SELinux lets you control what a user login is capable of no matter what application they run, and managing those capabilities can happen in one place--the SELinux tools. There's lots of ways to address OS login problems. Let's say the logins have a PAM plug-in that restrict what you can login to based on what machine you're on, and also require one of those randomly generating key cards so that you can't steal someone else's username/password. If you've got a scheme like that, and the database enforces SELinux restrictions, it doesn't matter whether your DBA followed all the PostgreSQL security rules correctly, as long as they got the SELinux mapping part right. And you don't have to make sure whatever custom security mechanism you've integrated into the login or post-login process is recognized by the database proper at all, as long as the restrictions can be mapped to the SELinux+database space.

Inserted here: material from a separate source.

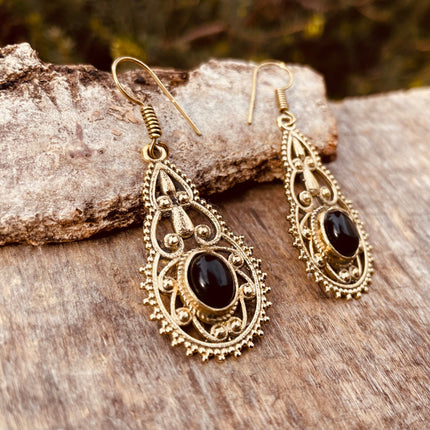 Black Onyx earrings Brass Drop Dangle earrings / Birth Stone / Ethnic / rustic, yoga, hippie, gypsy, pretty, psy, boho, bohemian, festival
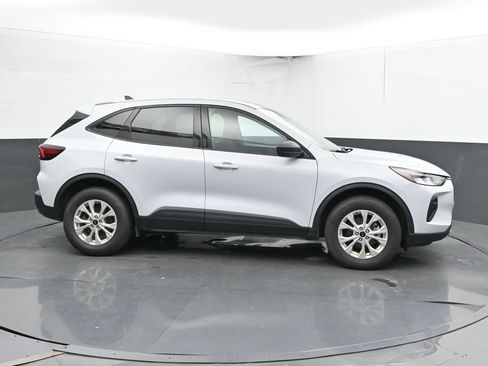 Used 2025 Ford Escape Active AWD/4WD image 4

Simple example of something hard to replicate without this framework: you discover someone is a rat. You update your list of active users and push that to all your servers. Now even if said rat is already logged into the database server and busy doing 'psql -o /disk/usbkey -c "select * from secretdata"' you just cut them off in the middle of the query--without needing to find all the database servers and execute "alter table secretdata set ...", just by doing simple user account maintenance the way people are already comfortable with and have procedures for.

That's the basic idea here--put the authorization into one layer where it's easy (for some definitions of "easy") to manage and extensible as needed, without having to touch the individual applications directly, just by adjusting what permissions you publish when data is requested. I'm sure someone can raise issues or suggest alternate implemenations for my specific examples, but much like other privledge escalation defense mechanisms these environments look for redundant layers of security. In reality users of this would aim for a completely locked down base PostgreSQL *and* a completely locked down SELinux implementation integrated into that, reinforcing one another, rather than just relying on one level of security.